Most writers should know Ernest Hemingway's famous words "Prose is architecture, not interior decoration." Or Mark Twain's: "The difference between the right word and the almost-right word is the difference between lightning and a lightning bug." Or William Strunk Jr.'s: "Vigorous writing is concise. A sentence should contain no unnecessary words, a paragraph no unnecessary sentences, for the same reason that a drawing should have no unnecessary lines and a machine no unnecessary parts."

All of these quotes emphasize the need to draft, then polish.

Polishing means:

  • Ensuring names are spelled correctly. The math is correct. The facts don't conflict. (Sure, good writers make mistakes, but they learn from them and then strive to prevent them.)
  • Pruning words like the best hedge trimmer. Searching for dangling or misplaced modifiers. Rewriting to prevent double meanings. Carefully trimming away the excess until creating a precise work.
  • Eliminating the complex. Award-winning journalist Sarah Fritz calls it selection. She said good reporters, especially those who are investigative, are storytellers who select what is understandable and throw out material that is trivial or can't be understood.
  • Finding better ways to self-edit. Reading sentences out loud. Talking with other reporters about complicated sentences. Working with editors to trim and edit -- and editors working with reporters.

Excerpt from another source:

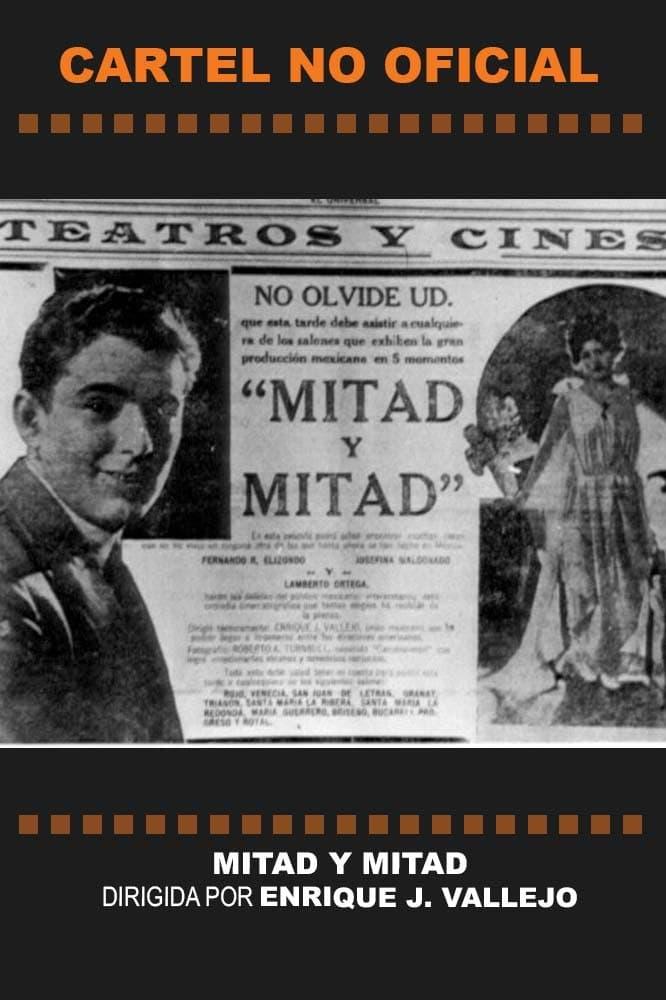 Mitad y mitad poster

This is most important element in seeking clear writing. Caring that you've done your best work and caring for the readers of that work.

Caring means:

  • Using simplicity, understanding and polishing to create powerful writing.
  • Seeking brevity so the readers get no more than what they need to read.
  • Establishing a focus in the story. From the lead to the end, a focus on organizing your story to provide information that the reader should know.
  • Providing meaning. Donald Murray, a writing expert and columnist who won the Pulitzer Prize for editorial writing in The Boston Herald, distinguishes between a reporter and a writer. He says in "Writer in the Newsroom" that writers and reporters both have goals of accuracy, simplicity and clarity. But the writer reveals meaning between pieces of information. The writer "collects accurate, specific, revealing pieces of information and constructs each draft by building firm, logical patterns of meaning. The writer is master of the craft of reporting -- and the craft of writing."
  • Hard work. "Writing is hard work," author William Zinsser writes. "A clear sentence is no accident. Very few sentences come out right the first time, or even the third time. Remember this in moments of despair. If you find that writing is hard, it's because it is hard. It's one of the hardest things people do."

Combined, these elements -- simplicity, understanding, polishing and caring -- produce clarity in your work. They also produce outstanding stories.
In your stories, they prevent you from losing.